Teachers Guide. qxd 25/1/08 8:00 Page 1 Teacher/Lecturer A1. 21L CORE Activity 1. 21 Does caffeine affect heart rate? Purpose • • To investigate the effect of caffeine on the heart rate of Daphnia (water fleas). To highlight experimental and investigative assessment objectives. Safety Any student known to suffer from photosensitive epilepsy should be warned before a stroboscopic light is used. Flickering lights in the range 5–30 Hz are thought to trigger seizures in sensitive individuals. Notes on the procedure The student sheet that accompanies this activity guides students through planning and writing up this investigation.
After students plan the investigation their plans can then be discussed with the group. To support less able students, or to help with the organisation of practical work for a large group, students could be given the practical procedure at the end of these notes (see page 3). It provides a basic outline and will need to be read by students before starting the practical with decisions and modifications made as appropriate. The procedure is for a simple experiment; more able students could complete a more complex experiment using serial dilutions, with several Daphnia used at each concentration.Order now
Note that high concentrations of caffeine can be fatal for Daphnia. The Daphnia hearts are fairly easily seen but counting the number of beats can be difficult. Counting is easier if each heartbeat is recorded by tapping a pencil on a piece of paper and counting up the pencil marks after the specified time. In addition, cooling the Daphnia before the experiment may help slow their heart rate. An ICam above the eye-piece of the microscope to project an image of the slide onto a large screen may also help with counting. Foster, in the Journal of Biological Education (1997) 31, pp. 53–255, provides a method using a stroboscope to freeze the motion. Use of the stroboscope may overcome the problems of counting faster heart rates. However, we would not recommend this method. Positioning the light sources and strobe is tricky. It is very difficult to freeze the motion and viewing with a strobe light can cause eye strain and dizziness. A simpler approach is to count the rate at which the legs beat. This rate is proportional to the rate at which the heart beats. A dissecting microscope with a light source under the stage works well for this experiment.

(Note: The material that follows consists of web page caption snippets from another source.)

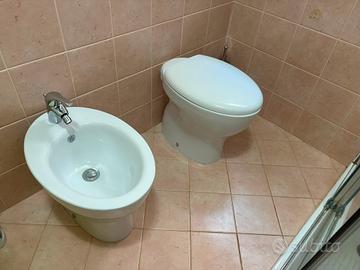Coppia sanitari in ceramica 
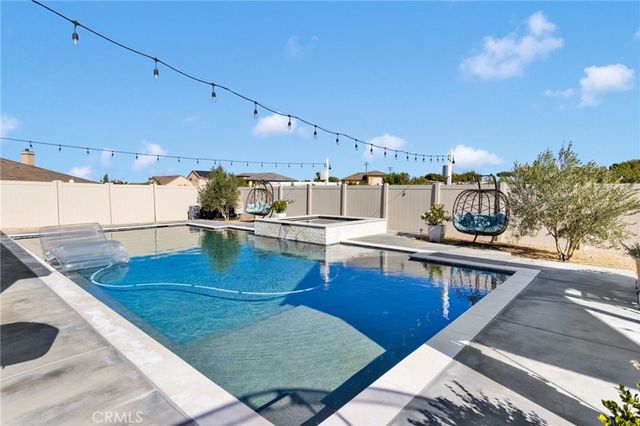 8357 Macron, Oak Hills, CA 92344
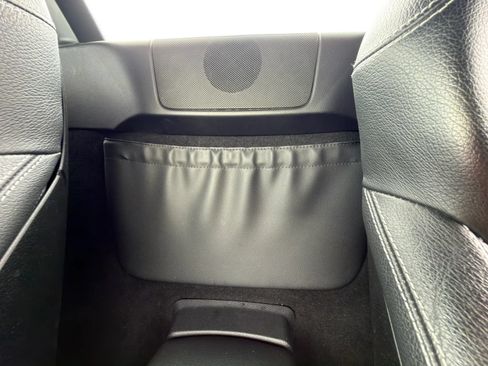 Used 2013 Mercedes-Benz SLK 250 image 5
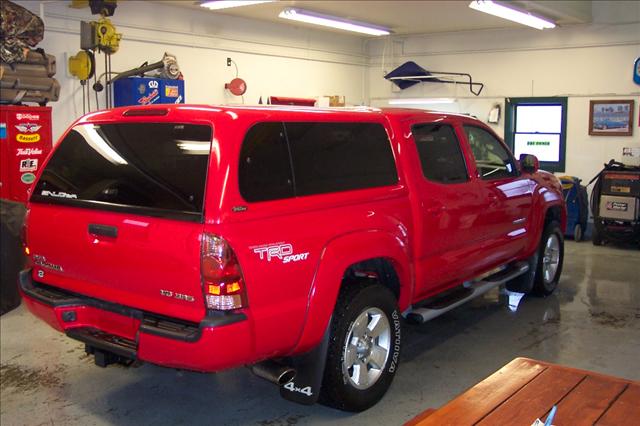 2006 Toyota Tacoma C300 Luxury Sedan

To prevent the Daphnia from overheating while on the microscope turn off the microscope light between observations and use a heat sink – a cavity tile filled with iced water placed on the microscope under the slide. Using pond water/Daphnia culture solution is recommended for both the control group and to dissolve the caffeine as this may give more valid results and be less stressful to the Daphnia. In distilled water the heart rate may rise due to lack of oxygen. Edexcel practical materials created by Salters-Nuffield Advanced Biology, ©University of York Science Education Group. 1 Teachers Guide. qxd 5/1/08 8:00 Page 2 Teacher/Lecturer A1. 21L CORE Activity 1. 21 Does caffeine affect heart rate? In the trial of the experiment caffeine was used at 0. 1% and 0. 5% w/v with no ill effect. At 1% the Daphnia stopped swimming after 5 minutes. It is suggested that a ‘blind’ study is done. This means that the person counting the heart rate is unaware as to whether the Daphnia is in water with or without caffeine. It has been shown that observer expectations influence the result. It is difficult to get clear-cut results from this experiment and significant differences between treatments may not be found.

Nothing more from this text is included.